TwitterProcessor

This project amis to use Kafka and Spark to do some fun big data processings with Twitter. Twitter API is used to get 1% of public tweets (which is already lots of data). We store these tweets in Kafka and use Spark to analyze the hashtags contained in these tweets. Our goal is to find out top-8 popular hashtags in real-time. The result is shown with Flask for quick visualization. In addition, we use Spark to analyze user feelings (positive or negative) based on their tweets. We will show this analysis with a Python plot as well. As usual, this project is run on the cloud. This time, I picked Google Cloud Platform.

Big Picture

Before going into the details, we have a big picture diagram to illustrate the project structure.
diagram

Details about the project

The Twitter API

I applied a Twitter API account from this link Twitter API.
I got my keys and tokens from there (they are required in many steps of the project).
To fetch the tweets, I used the statuses/filter API. This API responds in JSON format, and the actual tweet contents is under the ‘text’ key.

Something about Apache Kafka

I chose to use Kafka here as a broker between the Twitter stream and Spark. Kafka temporarily stores input stream data locally and then redirects them to the processing engines (i.e. Spark).
I used Python packages kafka and tweepy to stream twitter data to Kafka. The code is pretty neat and straightforward.

Positive/Negative word monitor with Kafka and Spark

I gathered certain amount of data in Kafka, and sent them to Spark. I’m trying to monitor the positive/negative feelings of the users based on their tweets. I used pyspark Python library to process data in Spark every 1 sec (i.e. 1 sec mini batch). After getting the tweets into Spark, I extracted all the positive/negative words from them. flatMap and reduceByKey are used during this data processing. Finally, I used matplotlib library to plot feelings of users. The codes are included in the Kafka folder. One of the final plots is shown below:

Real-time processor with Spark for top popular Twitter hashtags

In this part, I wish to construct a real-time top popular Twitter hashtag visualization.
I used the elegant requests python library to send http requests to Twitter API and got the JSON format response. After extracting the tweet content under the ‘text’ key, send it to Spark in a line by line manner.

On the Spark end, in order to update hashtags’ word counts, I need to store their history and update in real-time. Here, I chose to use checkpoint file and updateStateByKey. A very good doc can be found here: Cumulative Calculations: updateStateByKey().
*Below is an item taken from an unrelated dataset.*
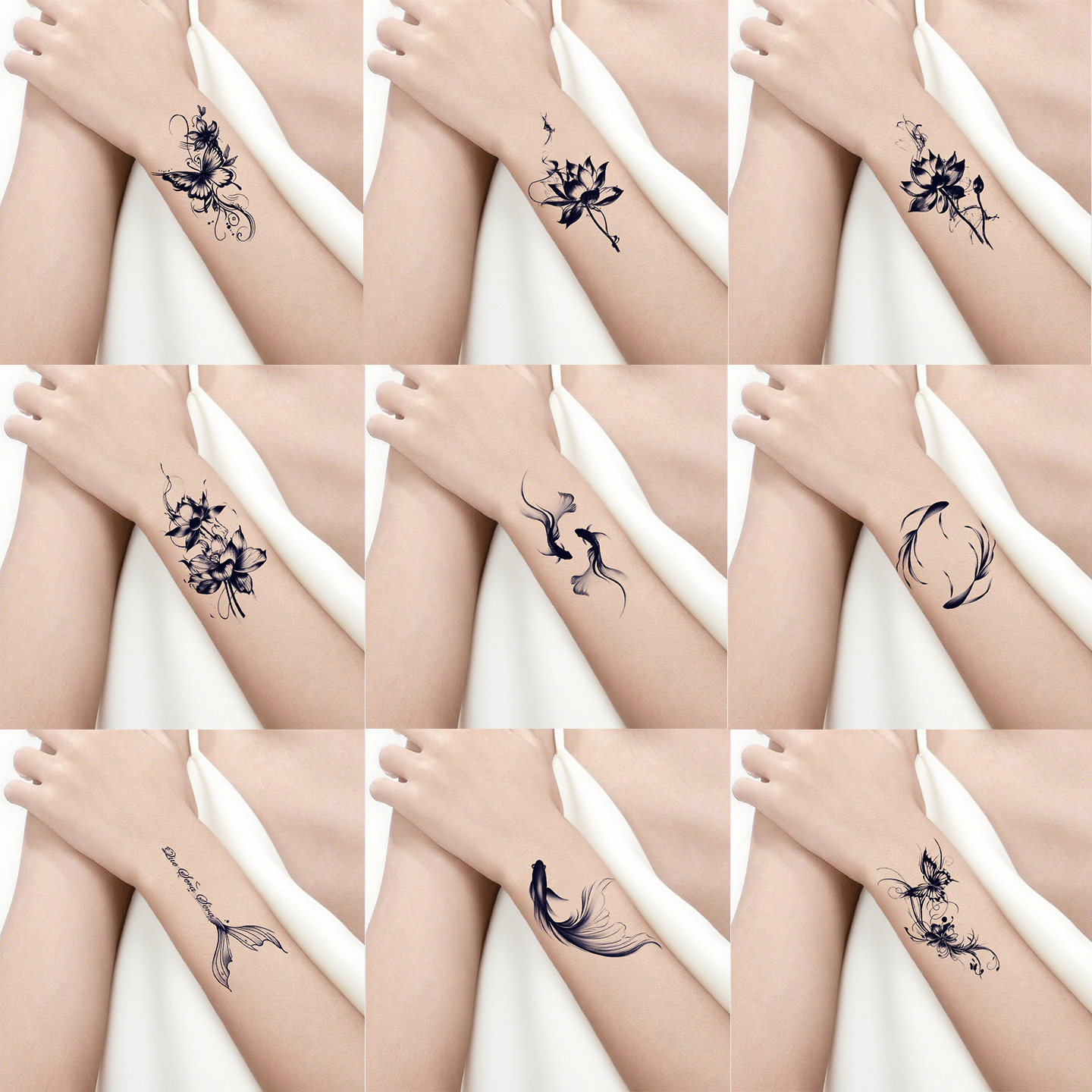 15张草本纹身贴男女防水持久仿真刺青不反光脚腕手臂遮盖疤图案评价- 淘宝网, image size:1440x1440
To get the top popular hashtags, we need to sort all the hashtags based on their appearance counts. I did this by using pystark package’s sql. The SQL “select” query is able to give us the top n (n = 8 in this project) hashtags. Finally, send these data to Flask to show the real-time results. Flask gets data from Spark and sends data to our browser. These two events happen in parallel and are accomplished by Flask routing.

To plot chart in html and show it in browser, I used the Chart.js package.

Some interesting results

On Oct. 20th, 2019, 10:30am PDT, I just finished watching the Premier League game Man. Utd vs. Liverpool F.C. The two giant rivalries played the game in Old Trafford. It’s a great opportunity to check if Twitter users are watching the game! Thus, I pulled out my top popular Twitter hashtag app and found this:
popular
Without any suprise, the top hashtags are “#MUNLIV”, “#MANLIV”. They belong to Man. Utd, today’s Home team. And of course, there is “#YNWA” in the chart. It belongs to Liverpool’s famous “You’ll Never Walk Alone”.

As you can see, the pipeline is working smoothly and provides us with the most popular topics on Twitter in real-time as expected.